This is one of them.

Although Israel may point at a bombing perpetrated by less than a handful of people to justify its national army rocketing targets in a city full of people, may God help anyone who attempts to trace the link back in the opposite direction. 

Rather, we are only allowed to condemn in this strange semantic prison that has been constructed for the safe discussion of terrorism but, while we are here, let us talk about this ‘retaliation’ about which we have been given temporary speaking rights:

retaliation Re*tal`i*a”tion, n.

The act of retaliating, or of returning like for like; retribution; now, specifically, the return of evil for evil; e.g., an eye for an eye, a tooth for a tooth.

— Source: Webster’s Revised Unabridged Dictionary, é 1996, 1998 MICRA, Inc. —

AN EYE FOR AN EYE, A TOOTH FOR A TOOTH 

“An eye for an eye, a tooth for a tooth.”

This is closer to the truth. Revenge, an enraged 10-year-old boy with a fleet of combat helicopters at his disposal, has developed a media strategy with its own strange vocabulary, and we are being taught to speak his language. 

Israel walks a dangerous path when it starts talking about “retaliation” because the word itself actively makes a claim that we must examine, in light of what has been done by each side, to each side. 

This is an equation that the Palestinians have been trying to bring to the world for the second half of the last century and an equation we’ve been very good at ignoring. 

It’s hard to imagine a ‘proportional response’ to the Palestinian experience of the last 50 years, which is what the word ‘retaliation’ plainly infers.

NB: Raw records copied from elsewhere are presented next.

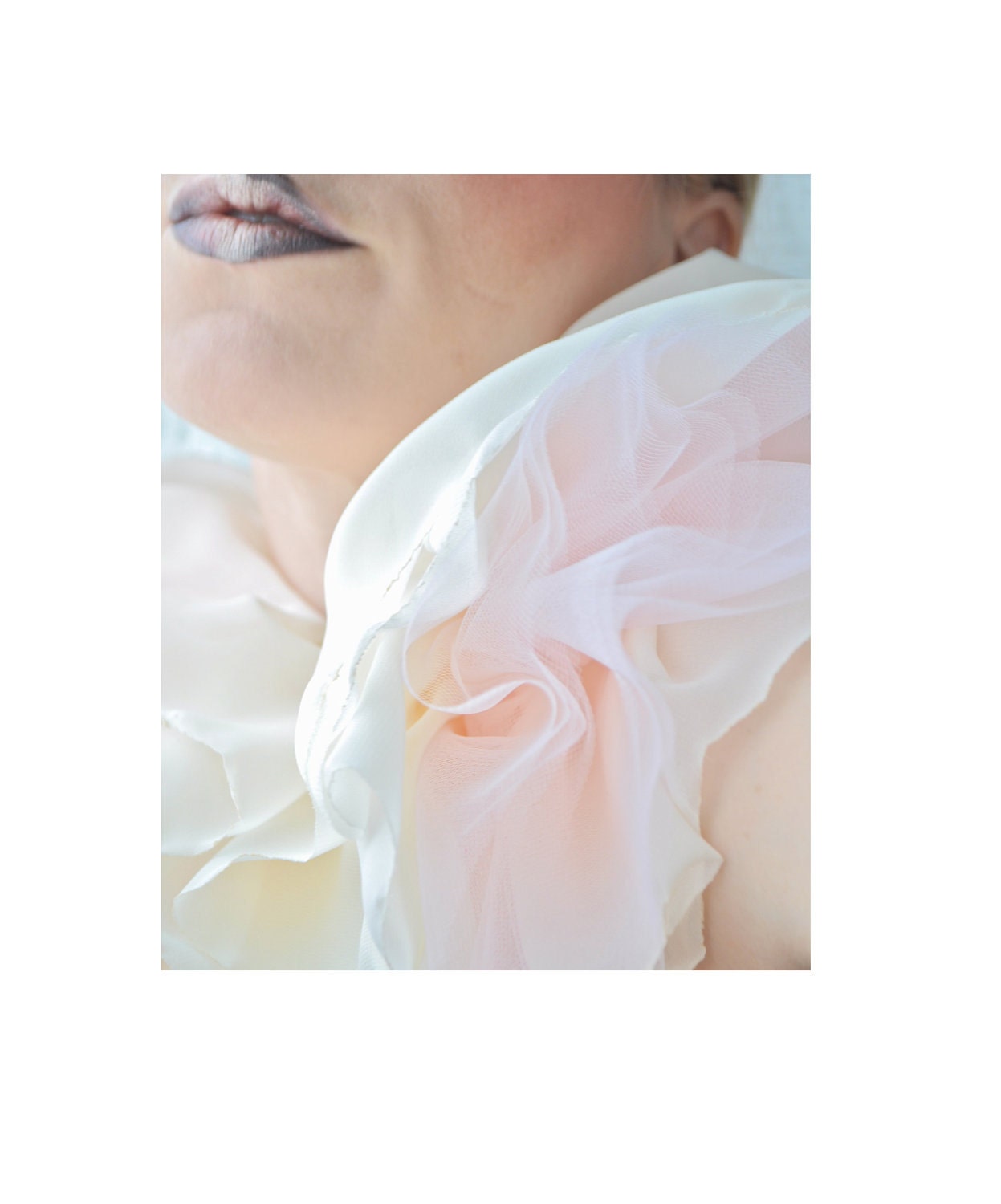 Petals Pierrot Collar in Pink and Creme Chiffon and Tulle Ruffles by Anjou for Wedding, Costume, Whimsy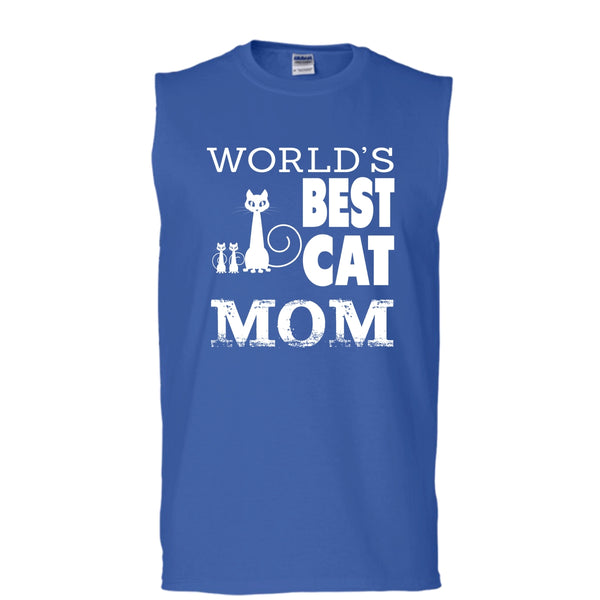 World's Best Cat Mom Shirt, Cool Cat Mama Shirt (Men's Cotton Sleeveless)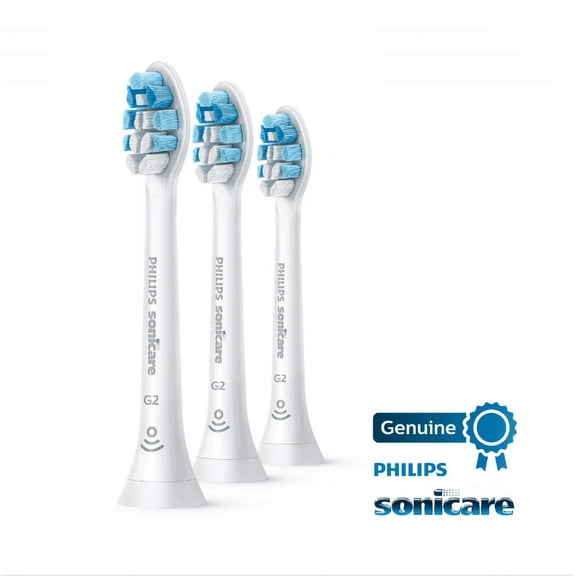 Philips Sonicare G2 Optimal Gum Health Care Replacement Toothbrush Heads, HX9033/65, White 3-pk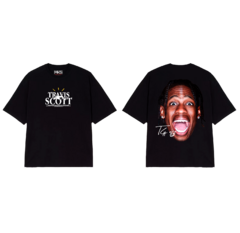 CAMISETA PREMIUM TRAVIS SCOTT ASTRO ESTAMPA FRENTE E COSTAS WITH OPEN MOUTH FACE - comprar online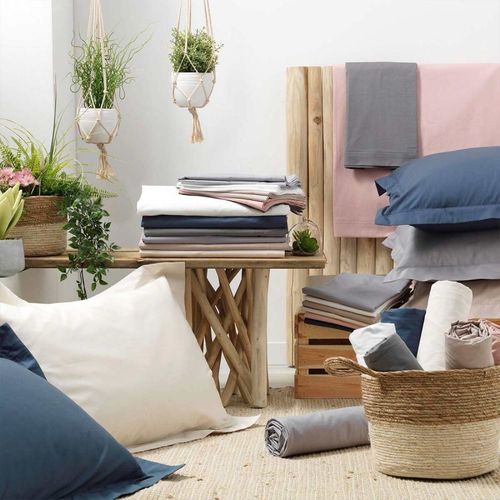 Drap Housse "percaline" 160x200cm Rose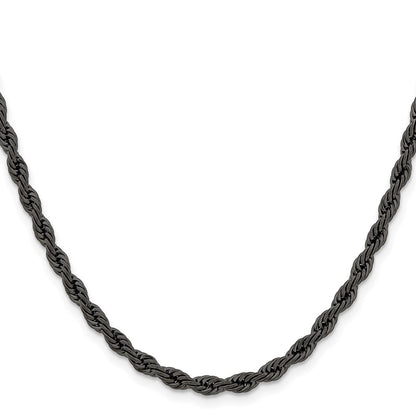 Stainless Steel Chisel Polished Black Ip-Plated 4mm Rope Chain Necklace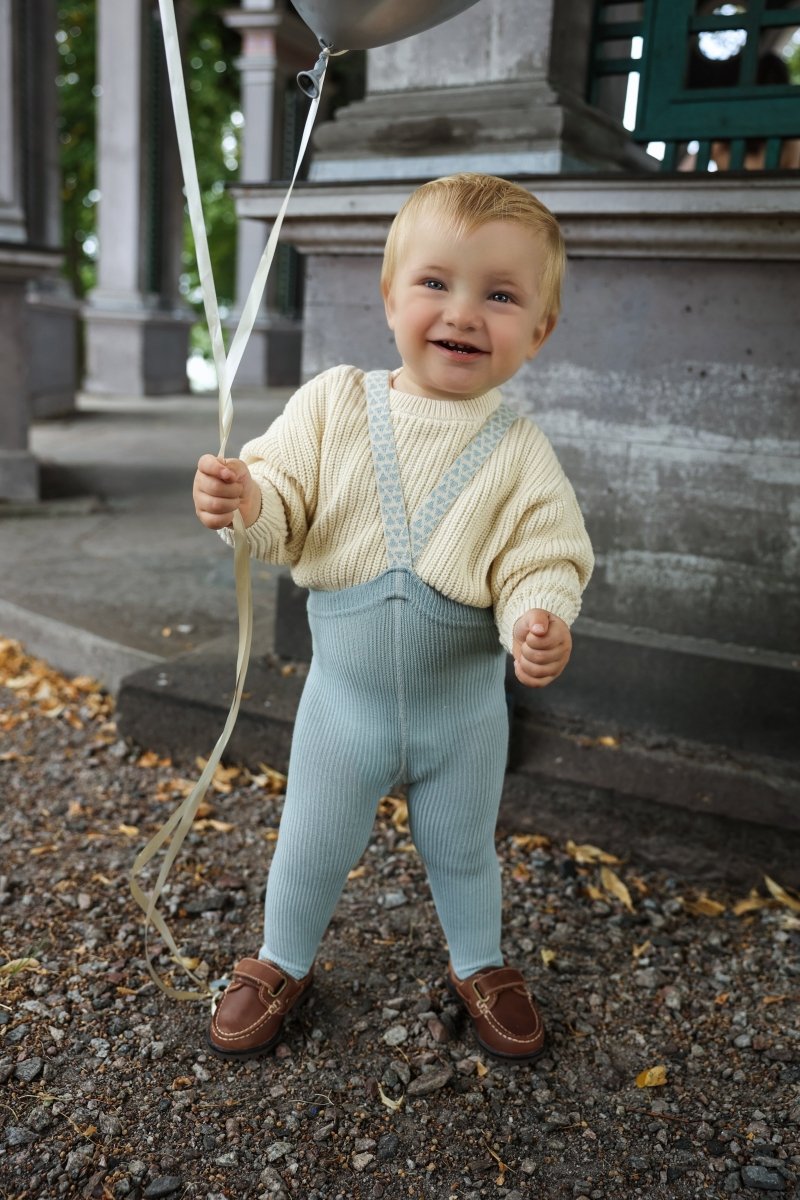 Silly Silas® | Classic strømpebukse med seler – Misty Blue Patterned | Torgunns Barneklær AS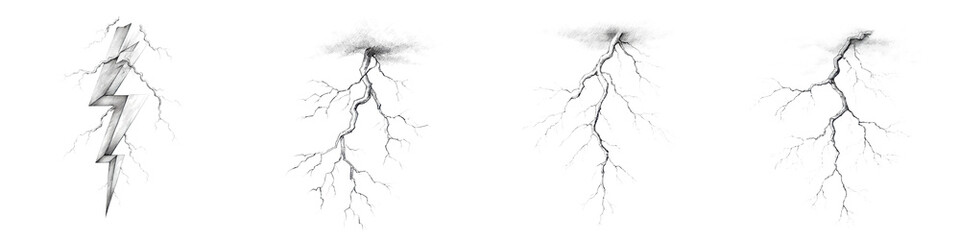 Fototapeta premium Dramatic lightning bolts in the stormy sky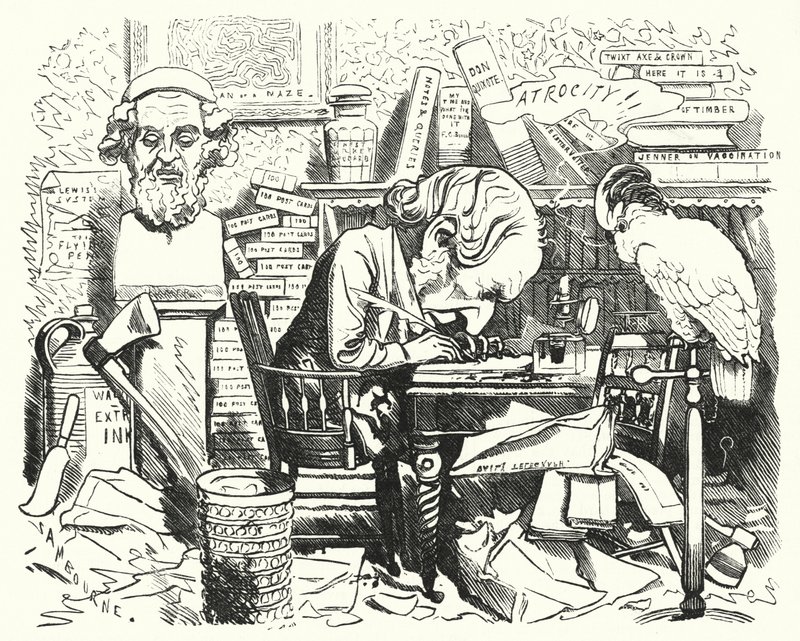 Punch rajzfilm: író dolgozik a dolgozószobájában (metszet) alkotó: Edward Linley (after) Sambourne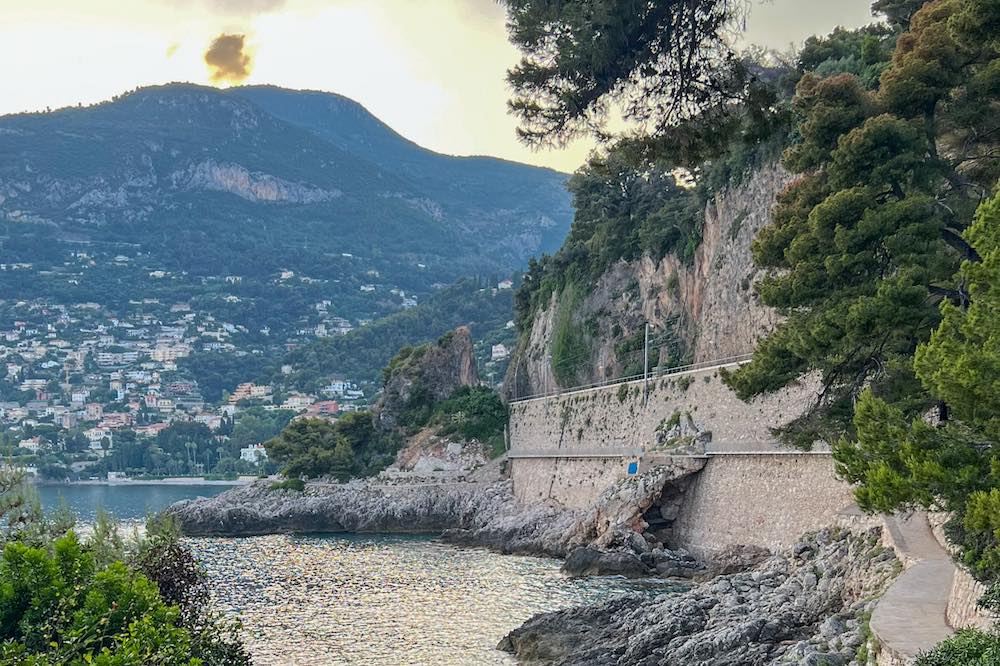 Section of the Cap Martin coastal path along the railway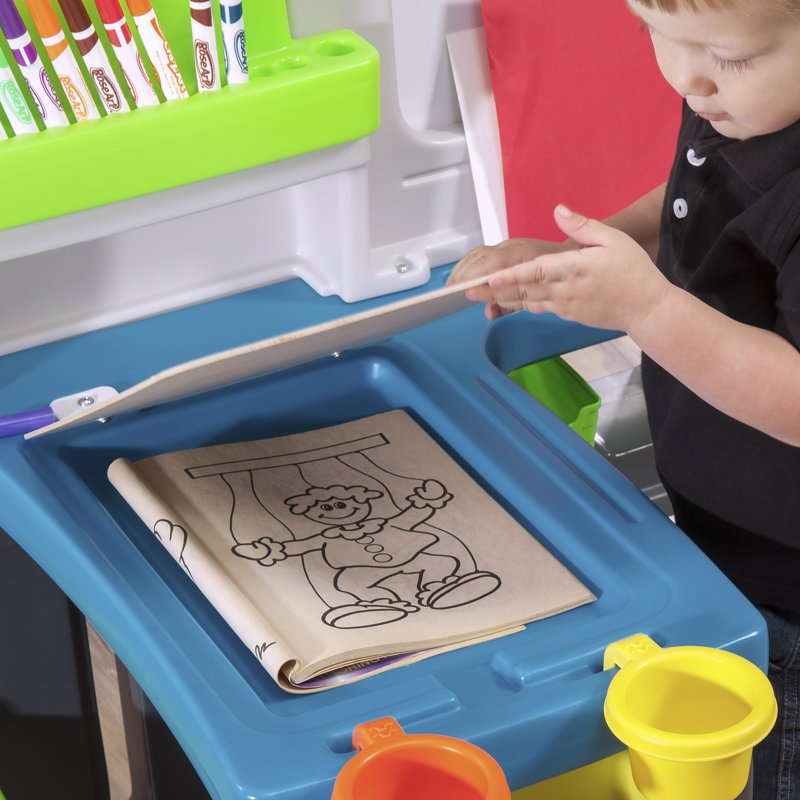 Kids Art Desk & Easel with Storage - Toddler Creative Play Center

What would be a ‘proportional response’ to the Israeli ethnic cleansing of Palestine that resulted in the dispossession and exile of nearly one million Palestinians and the 33 subsequent years of force, might, beatings, and yet more dispossession, for those that stuck it out on the ground?

In trying to answer this question, it is clear that the Intifada is the very least Palestinians can do, and it is incumbent for us to remember that the uprising has the legitimacy of international law behind it. 

Back to these harried journalists ‘on the ground’, ‘besieged’ by deadlines, ‘under attack’ from impatient editors, and ‘occupied’ with trying to get their jobs done. 

According to the Israeli Ha’aretz newspaper, 350 foreign media organizations have permanent representatives based in the country. Following the outbreak of the Second Intifada, Ha’aretz noted the arrival of another 1,300 and that by the middle of December 2000, 400 of these were still present. 750 windows on the conflict, plugged by satellite and Internet into our television sets, radios, and newspapers. 

Dr. Joel Cohen, a lecturer in communications at the Academic-Technological Institute of Holon and a research fellow at Bar Ilan University, undertook a study into these foreign correspondents, summarized by Ha’aretz on 6 November 2000. The article stated: 

“The data that the foreign correspondents supplied about themselves are quite surprising in view of the Israeli claim of a clear pro-Palestinian bias among the press. The vast majority of the correspondents report from Israel about news from the Palestinian Authority as well, and about the conflict in general. A fairly large proportion among them are Jewish, most have lived in Israel for many years (almost 10 years is the average), and some are married to Israeli women. Some are veteran Israeli journalists who report from Israel to the foreign media on a permanent basis.” 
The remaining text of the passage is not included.